Can I get a maximum-limit HEI on an investment property or a second home?

Yes, but the limits are usually lower. Some providers fund non-owner-occupied investment properties or second homes, and they typically manage their risk by lowering the maximum amount they will invest. A ceiling that reaches up to $600,000 on a primary residence is often substantially lower on a rental or second home. Because policies and caps vary by provider and change over time, confirm current investment-property limits and eligibility directly with each company.

Can retirees qualify for a large HEI?

Yes. Retirees can often qualify for large HEIs because qualification is based primarily on home value and available equity rather than employment income. Unlike HELOCs and home equity loans, which heavily evaluate debt-to-income ratios and earned income, HEI providers focus on the property’s value and equity position. Retirees who own high-value homes with substantial equity may qualify for significant investments even if they are living primarily on Social Security, pensions, or retirement savings.

How much equity do I need to qualify for a large HEI?
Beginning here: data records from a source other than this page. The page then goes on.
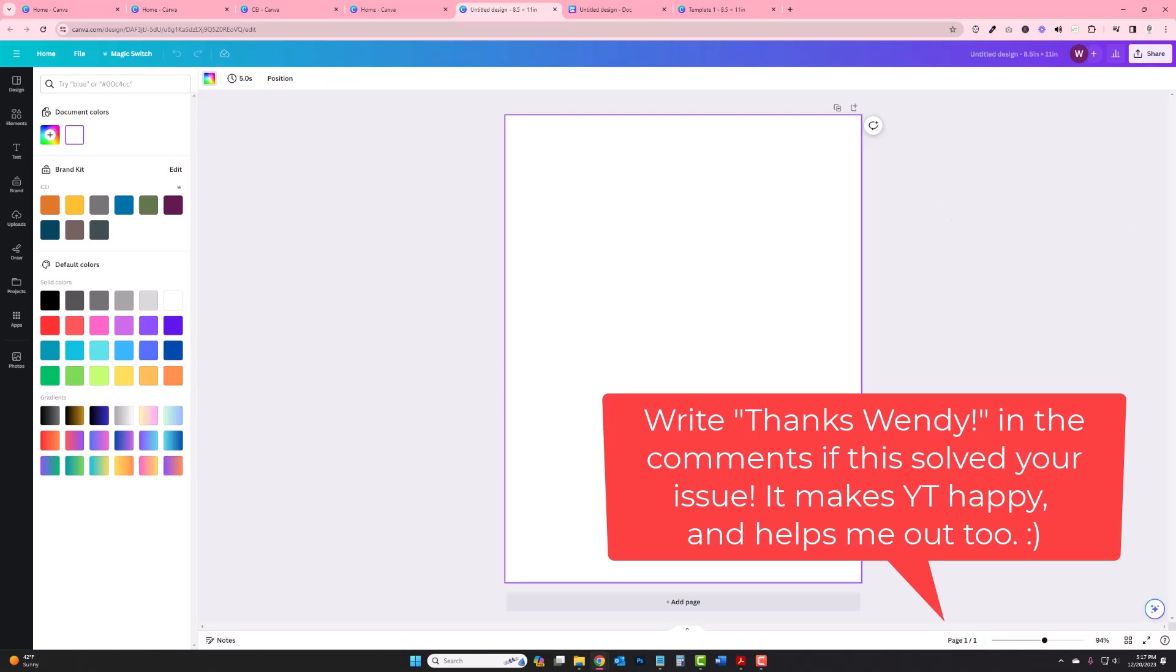If this helped you, please like and subscribe. It does help me out, especially if you just write Thanks Wendy in the comments. That's enough to make YouTube happy and it helps me out. So thanks so much, guys. Take care. Bye bye.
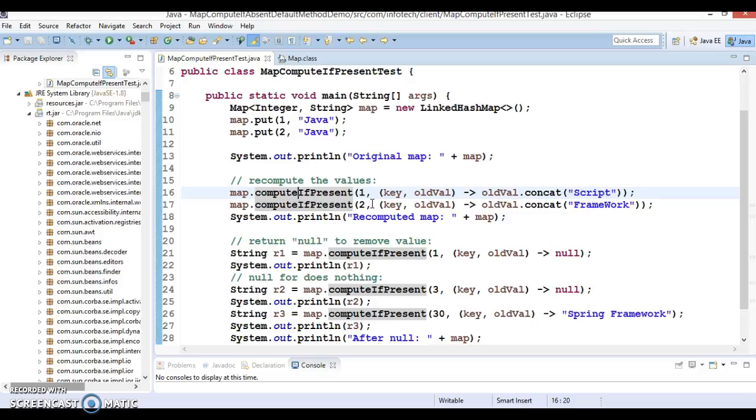However, the difference is that the compute function adds or modifies an existing entry whereas this function does nothing if an entry with that key is not present. Note that this function also removes an element if the new value computed from the passed lambda expression is null.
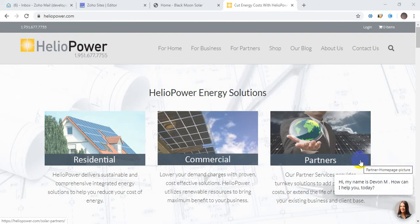Hello viewers, today I'm going to make the first video on Zoho Sites. In this video I will try to cover everything about Zoho Sites. Zoho Sites is a very good platform. It's a simple interface with drag and drop options for making any business website.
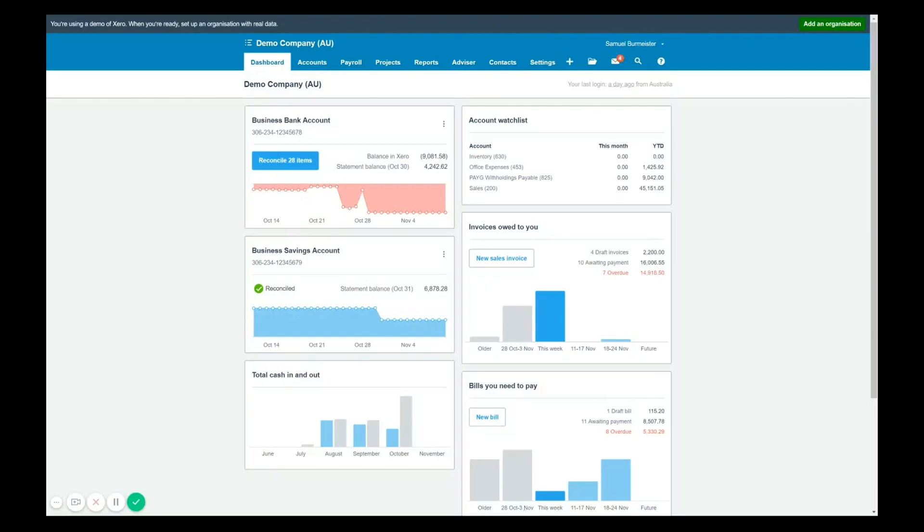Welcome to another Xero tutorial. My name is Samuel Burmeister and I'm the owner here at Toolbooks.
Most HEI providers require homeowners to maintain a substantial equity cushion after the investment is funded. While requirements vary by company, homeowners typically need at least 20% to 40% equity remaining in the property. The more equity you have and the lower your mortgage balance, the more likely you are to qualify for a larger investment amount.

What is the highest Home Equity Investment available?

The highest advertised home equity investment currently available is $600,000, offered by providers such as Hometap and Point. Most homeowners qualify for substantially less because actual investment amounts depend on home value, available equity, mortgage balance, and provider lien-to-value limits.

EquitySquirrel is an educational resource, not a lender, financial advisor, or legal advisor. This content does not constitute financial, legal, or lending advice. Maximum investment figures are advertised ceilings verified June 2026 from provider disclosures and third-party reviews, and they change over time. Your actual offer depends on your home’s appraised value, available equity, location, and the provider’s lien-to-value cap. Provider availability varies by state. Confirm all current terms directly with each provider, and consult a licensed financial advisor before making major decisions about your home equity. Aleksandra Kadzielawski, Lic #SA694336000.